You are not average: understanding mean, median, and mode in your movement practice
Katie Roth 
Discover how mean, median, and mode impact your teaching and why averages don’t tell the whole story in supporting individual students.
In this post, we'll dive into three important statistical concepts—mean, median, and mode—that you may remember from high school. You thought you won’t need that again, well here they are: they actually have significant implications for how we approach classes and sessions with our students.
The box breathing example
Imagine you have 10 students in a yoga class and introduce them to box breathing, where each phase (inhale, hold, exhale, hold) is meant to be even in length. After practicing, you ask each student how many counts they used for each phase:
- Student 1: 4 counts
- Student 2: 2 counts
- Student 3: 4 counts
- Student 4: 5 counts
- Student 5: 7 counts
- Student 6: 3 counts
- Student 7: 3 counts
- Student 8: 4 counts
- Student 9: 4 counts
- Student 10: 4 counts
Before we jump into the mean, median and mode, check in: how long do you usually count when box breathing? And how do you count when cueing box breathing in a class? For me, 4 jumps easily to mind. However, this example will show why a single “average” count may not be the best guide for every student.
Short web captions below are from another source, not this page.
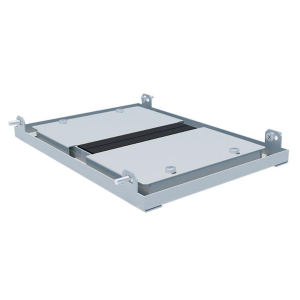 Нижняя сальниковая панель составная Ш300 Г600 EKF AVERES PBC3D600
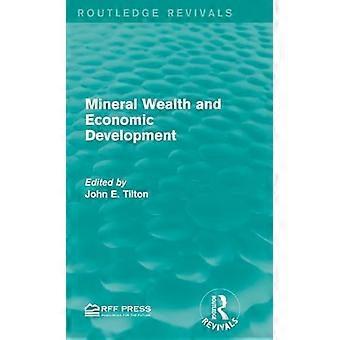 Mineral Wealth and Economic Development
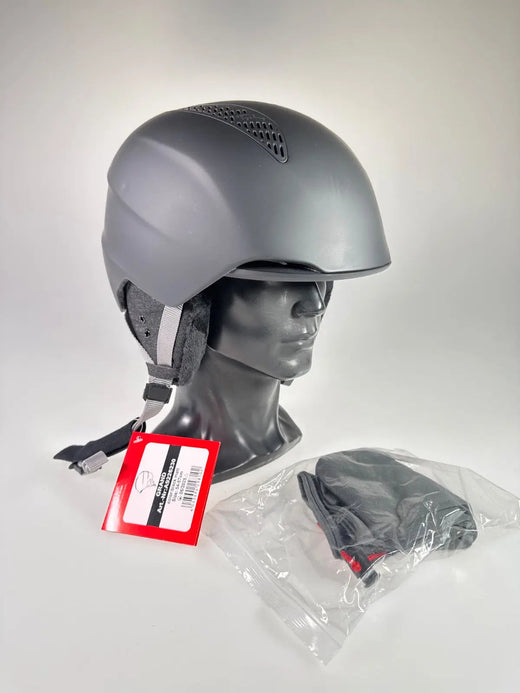 ALPINA Grand Skihelm - Größe 54-57cm #10893 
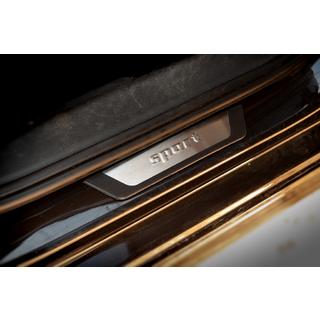 Einstiegsleisten Flexill (4Stk) Foto 4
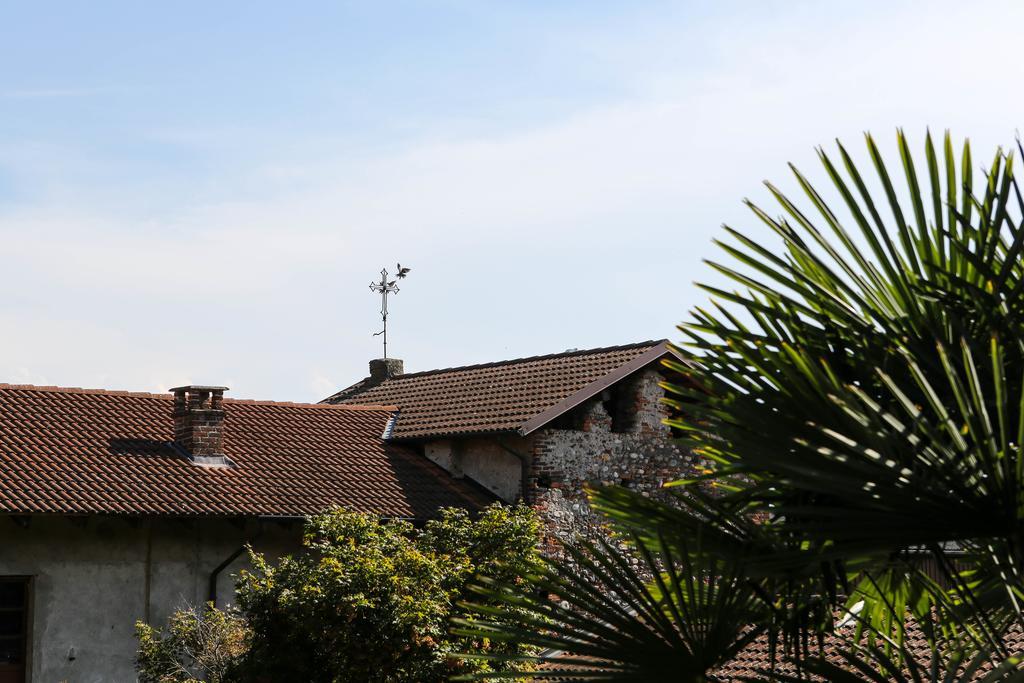 Tenuta Valtoppa Villa Sillavengo Exterior photo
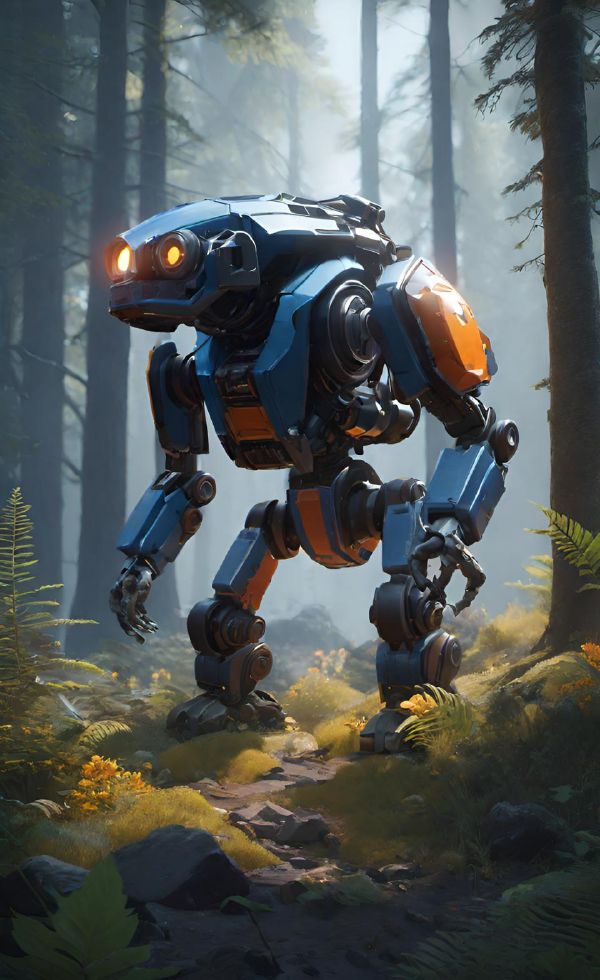 �X�̒��̃��{�b�g,�i���S���w�̃C���[�W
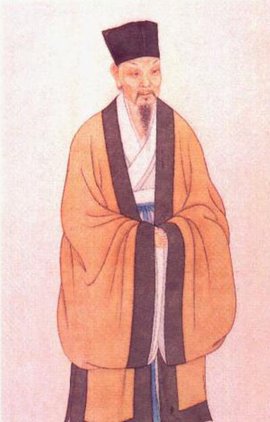 蘇軾：著名文學家、書法家、畫家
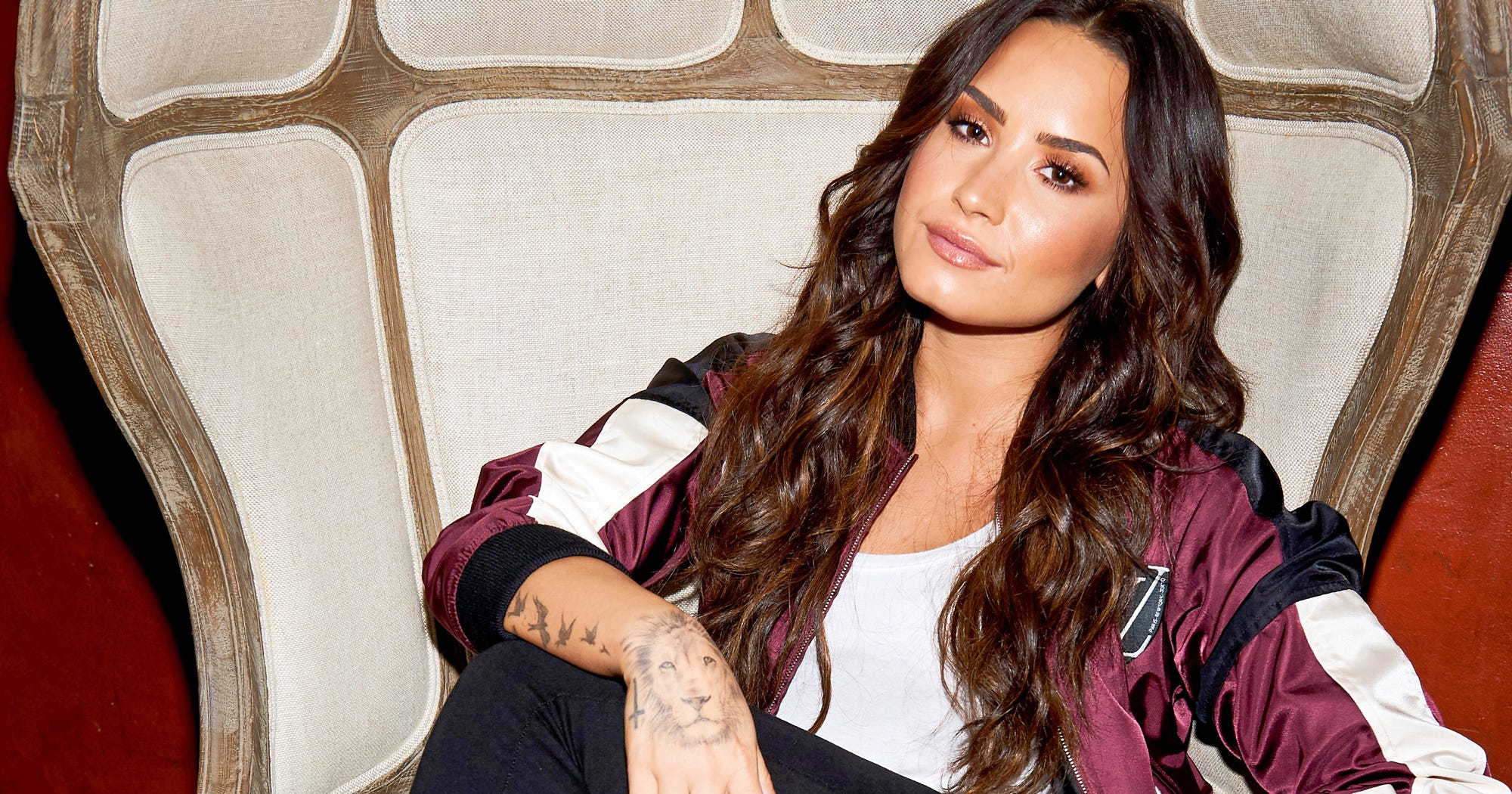 Demi Lovato New Album Title Release Date Instagram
You are not average, but studies often tell you you are
The mean (average)
The mean is the average value found in a dataset. The mean is calculated by adding up all values and dividing by the number of values. For our small sample of 10 students, we would add up all the values and then divide it by the amount of students:
(4 + 2 + 4+ 5 + 7 + 3 + 3 + 4 + 4+ 4) / 10 = 4 counts
Here, the mean is 4 counts. However, if you cue a 4-count breath for everyone, Student 2 might find it too fast, while Student 5 might feel it's too slow.
This shows that an "average" count may not fully capture the needs of every student. The mean can be helpful but doesn’t tell the whole story.
The median (the middle value)
Next we will look at the median of our small yoga class example.
The median is determined by sorting the values from lowest to highest, then picking the value in the middle:
2, 3, 3, 4, 4, 4, 4, 4, 5, 7
Since there’s an even number of values, we take the average of the two middle values:
(4 + 4) / 2 = 4
In this case, the median is also 4 counts.
While the mean and median are the same here, this won't always be the case. The median is useful because it’s less affected by outliers, or extreme values, than the mean. If Student 5 had a count of 12 instead of 7, for instance, the mean would shift higher, but the median would still likely represent the majority.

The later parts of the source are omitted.